Why would Bush, a man who won't shut up about how he's gonna spread freedom and fight violent extremism, take a short break from that spreadin'-n-fightin' to praise a man who spent his career fighting freedom and spreading violent extremism?
The answer is, of course, oil. For all of his other faults, King Fahd was committed to keeping Saudi oil flowing to the rest of the world. That's not a trait the U.S. takes for granted. One of Fahd's predecessors, King Faisal (who ruled the House of Saud & Fog from 1964 to 1975), sent the world economy into a nosedive in late 1973 when he withdrew Saudi oil from the world market to protest the West's support of Israel in the 1973 Yom Kippur war.
King Fahd (who started running the show in Saudi Arabia in 1975 even though he didn't become king until 1982) never withheld or threatened to withhold Saudi oil from the world market.
So Fahd sold us oil for cheap.
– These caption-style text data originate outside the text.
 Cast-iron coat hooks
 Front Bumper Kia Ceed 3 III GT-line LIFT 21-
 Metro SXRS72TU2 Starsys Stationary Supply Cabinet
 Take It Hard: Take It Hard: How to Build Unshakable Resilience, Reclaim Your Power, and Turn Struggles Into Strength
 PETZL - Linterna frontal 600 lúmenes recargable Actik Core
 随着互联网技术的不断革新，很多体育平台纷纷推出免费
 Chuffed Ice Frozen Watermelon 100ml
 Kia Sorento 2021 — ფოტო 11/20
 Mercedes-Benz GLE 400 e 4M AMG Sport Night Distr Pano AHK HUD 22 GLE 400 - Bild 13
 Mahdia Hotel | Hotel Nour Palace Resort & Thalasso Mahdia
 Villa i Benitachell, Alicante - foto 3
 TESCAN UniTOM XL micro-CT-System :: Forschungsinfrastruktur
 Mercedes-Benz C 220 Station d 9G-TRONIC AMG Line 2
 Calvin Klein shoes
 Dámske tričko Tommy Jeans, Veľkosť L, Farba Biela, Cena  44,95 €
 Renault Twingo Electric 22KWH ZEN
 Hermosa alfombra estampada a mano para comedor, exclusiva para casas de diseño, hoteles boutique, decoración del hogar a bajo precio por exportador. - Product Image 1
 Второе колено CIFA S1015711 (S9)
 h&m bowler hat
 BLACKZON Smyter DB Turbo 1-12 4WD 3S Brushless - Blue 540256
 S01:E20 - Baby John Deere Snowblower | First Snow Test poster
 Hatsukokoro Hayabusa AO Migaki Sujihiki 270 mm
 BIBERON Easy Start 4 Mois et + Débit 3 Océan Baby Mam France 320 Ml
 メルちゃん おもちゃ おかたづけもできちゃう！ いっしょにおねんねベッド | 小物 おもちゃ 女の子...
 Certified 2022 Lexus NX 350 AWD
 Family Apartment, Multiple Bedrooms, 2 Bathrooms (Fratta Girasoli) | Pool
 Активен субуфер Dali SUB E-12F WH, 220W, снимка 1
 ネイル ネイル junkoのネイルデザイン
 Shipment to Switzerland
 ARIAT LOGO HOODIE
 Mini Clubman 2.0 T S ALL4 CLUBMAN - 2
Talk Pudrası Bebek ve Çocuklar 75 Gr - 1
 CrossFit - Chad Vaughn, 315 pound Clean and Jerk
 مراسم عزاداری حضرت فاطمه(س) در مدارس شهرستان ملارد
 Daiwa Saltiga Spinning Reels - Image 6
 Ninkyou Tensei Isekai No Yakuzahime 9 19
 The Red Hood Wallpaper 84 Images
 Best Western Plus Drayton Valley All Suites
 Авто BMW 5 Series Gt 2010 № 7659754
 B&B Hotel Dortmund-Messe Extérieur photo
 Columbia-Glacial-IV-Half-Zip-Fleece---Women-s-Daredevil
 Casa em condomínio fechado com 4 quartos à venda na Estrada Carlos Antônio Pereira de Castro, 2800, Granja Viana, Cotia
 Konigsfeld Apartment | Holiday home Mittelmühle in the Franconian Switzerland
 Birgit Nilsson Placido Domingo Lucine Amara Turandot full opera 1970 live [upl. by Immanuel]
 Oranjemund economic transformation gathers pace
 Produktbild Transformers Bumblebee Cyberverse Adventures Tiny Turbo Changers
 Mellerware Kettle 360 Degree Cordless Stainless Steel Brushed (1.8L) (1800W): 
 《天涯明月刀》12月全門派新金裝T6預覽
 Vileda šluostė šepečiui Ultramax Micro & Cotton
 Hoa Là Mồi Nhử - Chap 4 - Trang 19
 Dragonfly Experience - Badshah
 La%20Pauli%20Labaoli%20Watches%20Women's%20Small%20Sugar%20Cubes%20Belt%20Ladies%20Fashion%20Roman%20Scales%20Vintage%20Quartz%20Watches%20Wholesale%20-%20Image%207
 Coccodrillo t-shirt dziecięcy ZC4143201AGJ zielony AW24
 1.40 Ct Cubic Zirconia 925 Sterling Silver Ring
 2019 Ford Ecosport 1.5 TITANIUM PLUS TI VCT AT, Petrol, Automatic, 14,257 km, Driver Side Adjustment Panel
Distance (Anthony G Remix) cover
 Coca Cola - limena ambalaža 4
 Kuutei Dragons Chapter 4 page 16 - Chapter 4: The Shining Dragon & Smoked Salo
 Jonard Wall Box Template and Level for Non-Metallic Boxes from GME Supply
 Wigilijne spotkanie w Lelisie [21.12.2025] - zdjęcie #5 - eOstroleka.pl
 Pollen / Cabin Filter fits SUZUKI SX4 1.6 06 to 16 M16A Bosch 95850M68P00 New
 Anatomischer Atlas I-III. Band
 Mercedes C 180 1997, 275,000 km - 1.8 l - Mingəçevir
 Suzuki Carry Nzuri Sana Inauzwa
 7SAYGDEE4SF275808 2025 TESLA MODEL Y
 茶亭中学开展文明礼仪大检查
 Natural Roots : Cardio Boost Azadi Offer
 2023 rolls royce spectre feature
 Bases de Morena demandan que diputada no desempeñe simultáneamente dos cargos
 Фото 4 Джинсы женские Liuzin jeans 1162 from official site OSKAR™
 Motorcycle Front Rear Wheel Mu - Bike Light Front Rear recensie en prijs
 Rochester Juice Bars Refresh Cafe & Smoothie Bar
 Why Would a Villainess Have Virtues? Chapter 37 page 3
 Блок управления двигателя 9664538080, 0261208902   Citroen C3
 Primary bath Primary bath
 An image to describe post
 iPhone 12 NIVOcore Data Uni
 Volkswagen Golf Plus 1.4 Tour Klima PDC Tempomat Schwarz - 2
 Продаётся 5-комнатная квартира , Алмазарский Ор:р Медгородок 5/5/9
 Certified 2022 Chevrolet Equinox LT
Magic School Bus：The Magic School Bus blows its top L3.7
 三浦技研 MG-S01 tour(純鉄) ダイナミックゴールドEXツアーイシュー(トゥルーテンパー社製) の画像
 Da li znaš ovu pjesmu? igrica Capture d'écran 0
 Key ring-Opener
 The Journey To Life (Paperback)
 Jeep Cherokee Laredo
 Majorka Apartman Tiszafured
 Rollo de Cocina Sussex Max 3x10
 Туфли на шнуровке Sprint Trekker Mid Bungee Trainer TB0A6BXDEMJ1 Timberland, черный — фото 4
Thanks. That's great. I appreciate it.
I'm serious. I really appreciate it. I drive a car, I've got Tupperware. I've been known to make tasteless jokes about certain off-label uses of Vaseline petroleum jelly. I understand that cheap oil delivered reliably helped our economy grow rather nicely during the Fahd era. I also understand that every other aspect of Fahd's long reign was a disaster for Saudi Arabia and the world.
I'm not exaggerating. Fahd was a failure.
From 1980 to 2001, Saudi Arabia's per capita income plummeted from more than $20,900 to $12,200. All the while, Fahd and his family looted the Saudi treasury for tens, possibly hundreds of billions of dollars, collecting palaces, jets, and a fleet of yachts the size of cruise ships (just for fun, go to the website of Power & Motoryacht magazine, www.powerandmotoryacht.com, and do a search for "Fahd").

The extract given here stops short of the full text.